▶ _Task details_
Leaving the pictures aside, repeat every line below exactly.

[[ Data records, beginning ]]

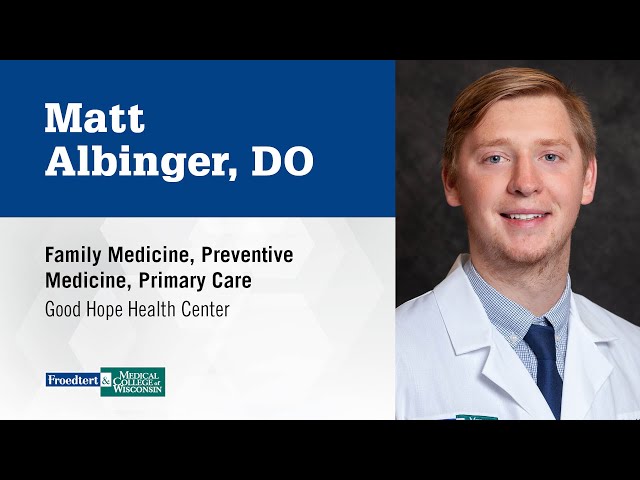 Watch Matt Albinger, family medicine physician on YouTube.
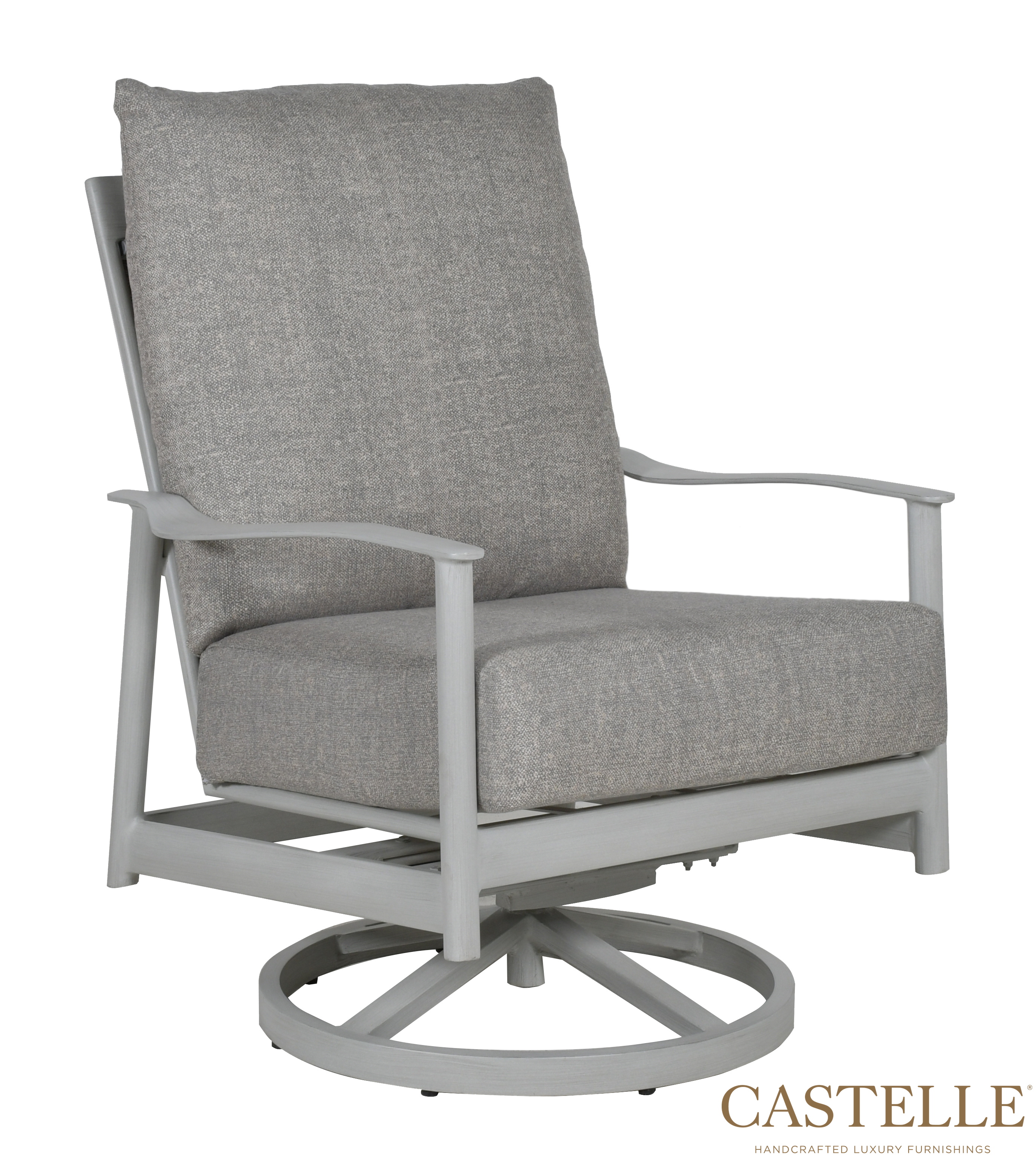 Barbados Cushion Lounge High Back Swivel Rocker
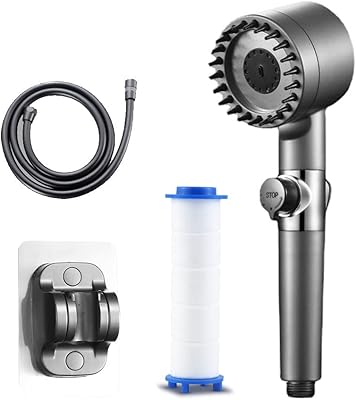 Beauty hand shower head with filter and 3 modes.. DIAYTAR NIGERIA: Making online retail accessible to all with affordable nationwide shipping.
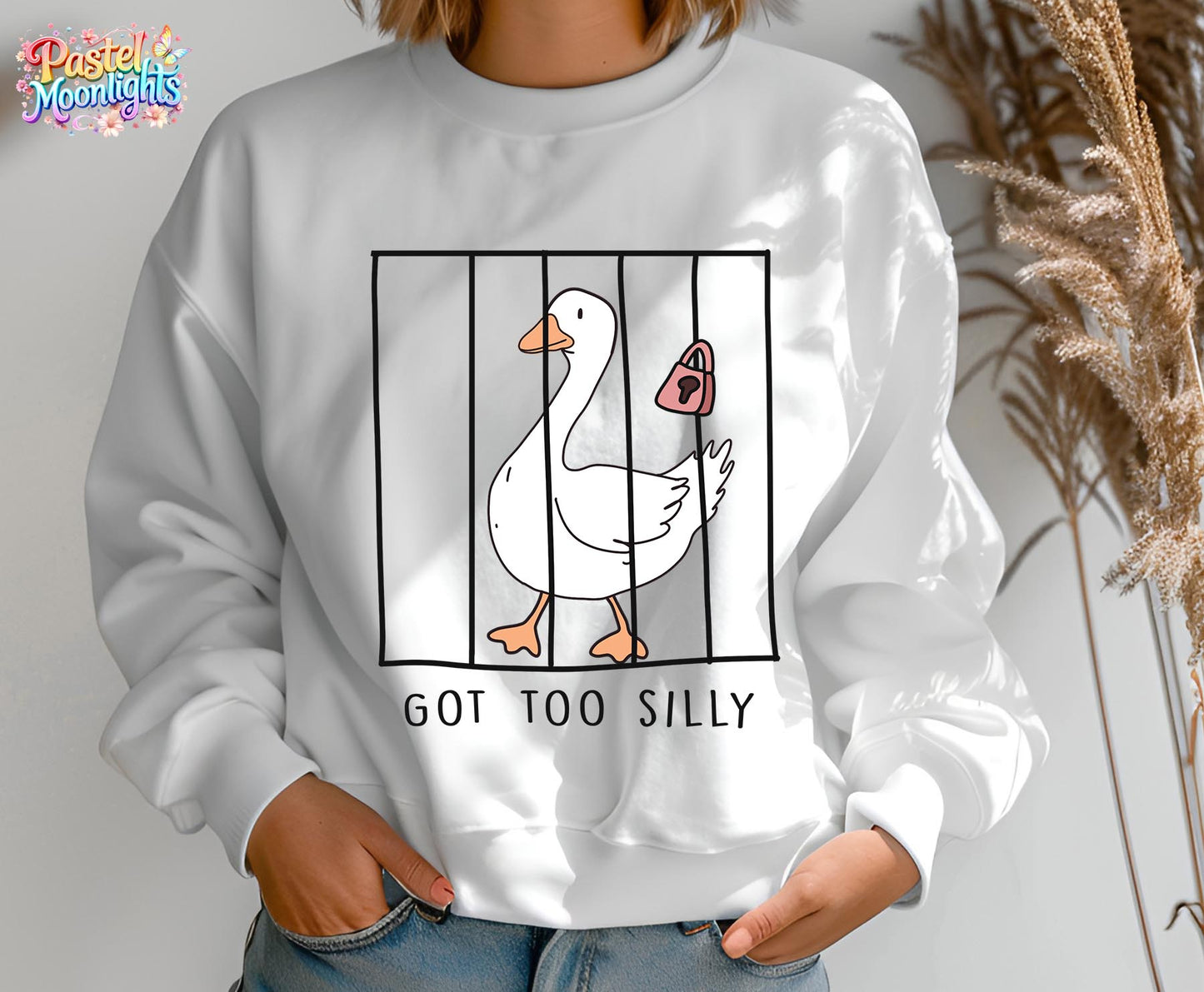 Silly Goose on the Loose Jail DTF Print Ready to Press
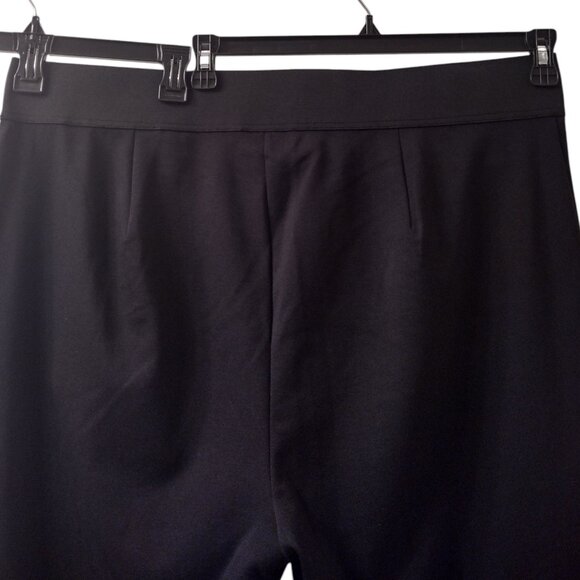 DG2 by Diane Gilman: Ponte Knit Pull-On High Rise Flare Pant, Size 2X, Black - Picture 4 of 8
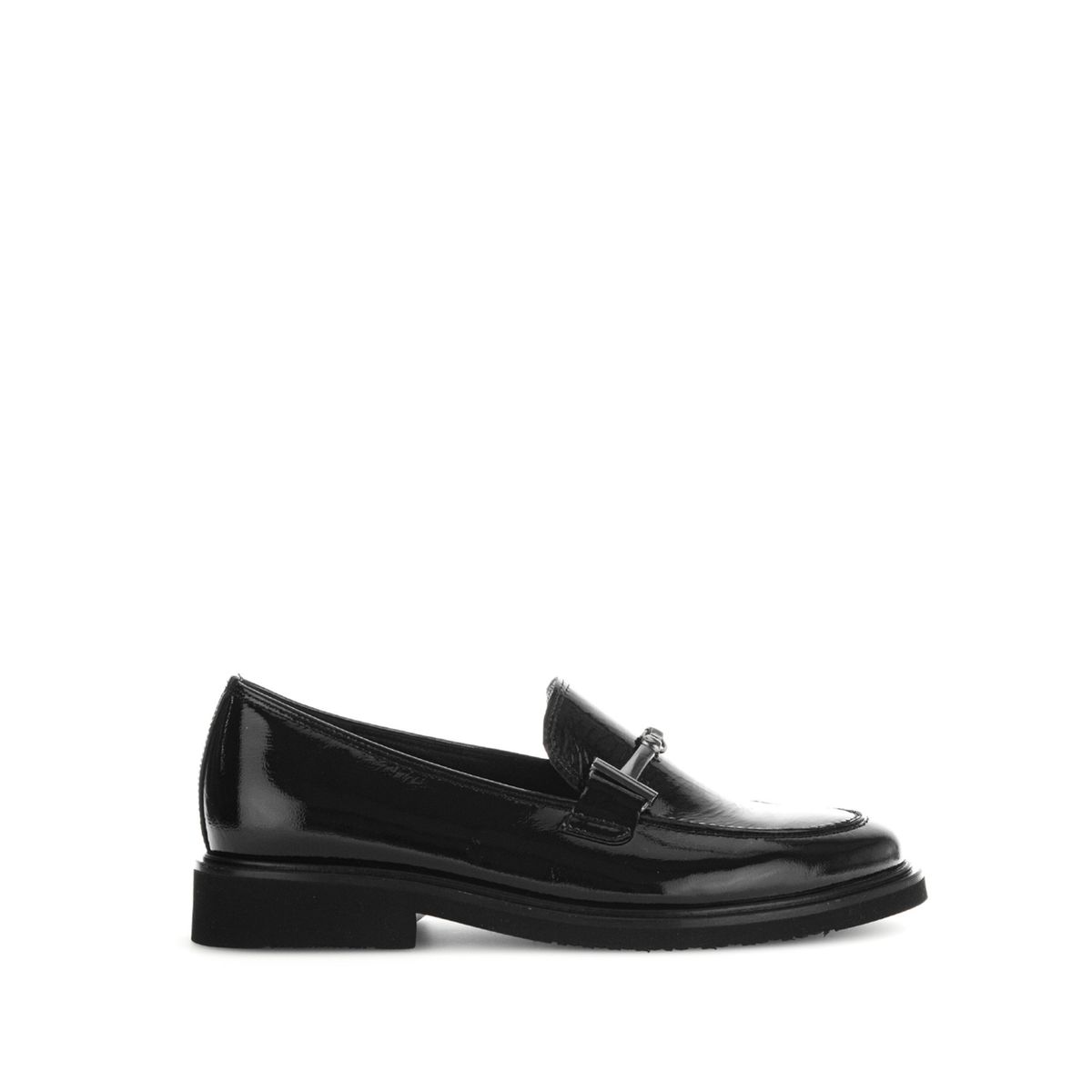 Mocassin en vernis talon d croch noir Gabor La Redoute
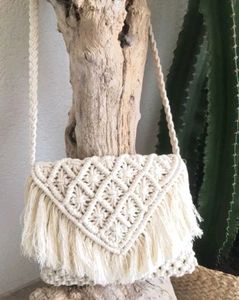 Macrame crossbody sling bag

[[ Data records, end ]]

▶ _Task result_
 Watch Matt Albinger, family medicine physician on YouTube.
 Barbados Cushion Lounge High Back Swivel Rocker
 Beauty hand shower head with filter and 3 modes.. DIAYTAR NIGERIA: Making online retail accessible to all with affordable nationwide shipping.
 Silly Goose on the Loose Jail DTF Print Ready to Press
 DG2 by Diane Gilman: Ponte Knit Pull-On High Rise Flare Pant, Size 2X, Black - Picture 4 of 8
 Mocassin en vernis talon d croch noir Gabor La Redoute
 Macrame crossbody sling bag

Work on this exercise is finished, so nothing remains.